At first, he looked amused. His eyebrows shot up into his thick black hair. Then his mouth drew down into a thin line. “I do believe you got me here under false pretenses, Bailey. I do believe your promise of letting me use your, in your words, ‘fucked-up family’ for a story went uncleared by the powers that be.”

“What?” Jean breathed, turning to Bailey. Bailey looked down into her lap, fiddling with the cloth napkin there.

“Well, that’s a shame. Not even the absent father for me to whet my teeth on.”

“Okay, that’s enough,” Loretta said. She had an uncharacteristically steel glint in her eyes. “She’s a girl. Leave her alone.”

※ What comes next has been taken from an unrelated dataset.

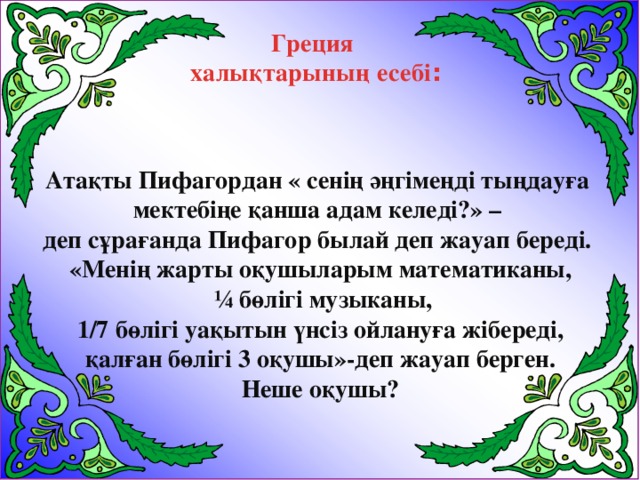 Греция  халықтарының есебі : Атақты Пифагордан « сенің әңгімеңді тыңдауға мектебіңе қанша адам келеді?» – деп сұрағанда Пифагор былай деп жауап береді. «Менің жарты оқушыларым математиканы,  ¼ бөлігі музыканы, 1/7 бөлігі уақытын үнсіз ойлануға жібереді,  қалған бөлігі 3 оқушы»-деп жауап берген. Неше оқушы?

Thackeray mimed wiping tears from his eyes. “Oh, well, since she’s a girl . . .” He propped his elbow on the table. “She happens to be a very manipulative girl. These weren’t things I pulled out of her—she offered them. I am human to take her up on her offer.”

“No, you’re not human. You’re a monster,” Mitzi said. “We knew it by page five. It’s about time you caught up with us.”

Again with the cocky, unkind smirk. “Oh, so that’s what this is about. You recognized yourself in my work, and it’s Attack the Author Day. Spare me the colloquialisms. You paid a lot of money to get me here. Offer me an argument.” He took a bite of potato and then made a face, reached up to his mouth, and pulled something out. “Jesus, is that a hair?”

“Here’s an argument,” Mitzi said. “You have mommy issues.”

Thackeray laughed, a mirthless sound. “And is that your professional opinion, Dr. Nobody?”

“It’s all of our opinions,” Dorothy said. She held up the book. “This book sucked. We couldn’t believe you meant it to sound like it really sounds. But after listening to you talk, I can see that you did. Why?”

“Because it’s the truth,” Thackeray snarled, tossing his fork down onto the plate and chipping a piece from the edge. Jean cringed. It had been important to Grandma Vison to keep these dishes—all of them—in the family. “That’s what you people want, right? You book readers, isn’t that what you’re always after? The truth? Well, here’s a truth for you. Sometimes stories are just stories, and
you
are the ones supplying the so-called truth. And then, when you don’t like the reality your own brain has supplied, you blame the author. You come after my blood because you don’t like how the reflection of your own misgivings made you feel. How dare you question an artist about his art? You are clearly both tacky and stupid.”

“I’m not the one sitting at someone else’s dinner table, eating someone else’s food, and insulting everyone around the table,” Dorothy said. “If you want tacky.”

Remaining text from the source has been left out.